# Why does it say I do t have permission to post.



## Abenso (Apr 28, 2017)

When I post pictures


----------



## Abenso (Apr 28, 2017)

I do not have permission to post. Is what it says.


----------



## Tex-Shooter (Dec 17, 2009)

Are you a registered member?


----------



## flipgun (Nov 14, 2012)

When you are new. I believe that there is a wait time on posting. It cuts back on the number of spammers that want to blast in but don't want/have time to wait before loading up a bunch of hooey.


----------



## AaronMB (May 1, 2013)

I get a forbidden message if I try to post via my phone while in the mobile version of the forum - have to switch to full version or I can't post.


----------



## Abenso (Apr 28, 2017)

AaronMB said:


> I get a forbidden message if I try to post via my phone while in the mobile version of the forum - have to switch to full version or I can't post.

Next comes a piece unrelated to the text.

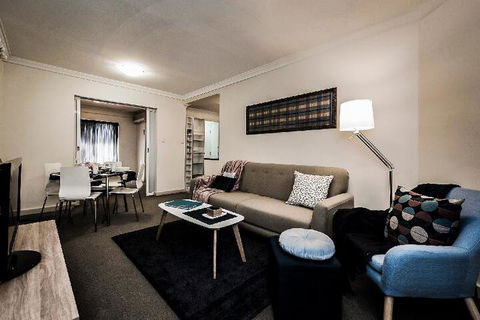 AirExec Apartments - Sunshine Coast Guide 4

Thanks! I switched to the app and now it works

Sent from my SM-S920L using Tapatalk


----------



## Kalevala (Jul 20, 2014)

I was trying to post a new topic but when preview or/and post, I get message

Forbidden

You don't have permission to access /index.php on this server.


----------



## Abenso (Apr 28, 2017)

Kalevala said:


> I was trying to post a new topic but when preview or/and post, I get message
> 
> Forbidden
> You don't have permission to access /index.php on this server.


Try using the app. I had the same problem

Sent from my SM-S920L using Tapatalk


----------



## Kalevala (Jul 20, 2014)

With computer ?


----------



## Genoa Slingshot (Oct 29, 2015)

Kalevala said:


> I was trying to post a new topic but when preview or/and post, I get message
> 
> Forbidden
> You don't have permission to access /index.php on this server.


I hade the same message when I tried to send a PM via cell phone.
I sent the PM via PC and it was ok.


----------



## Genoa Slingshot (Oct 29, 2015)

The same issue is happened right now when I tried to edit the previous post.
I use the desktop version on the smartphone


----------



## Abenso (Apr 28, 2017)

I use the tapatalk app on my phone to do everything on here bc I do not have a pc.

Sent from my SM-S920L using Tapatalk


----------



## Rayshot (Feb 1, 2010)

I am having the same issue.

From laptop.


----------



## romanljc (May 26, 2014)

Yep when I go to edite it's says forbidden


----------



## Rayshot (Feb 1, 2010)

Please, someone PM an administrator.

I get the forbidden when trying to PM them about the issue. I linked two threads, this one and one I started in the "Bugs and Issues" section.


----------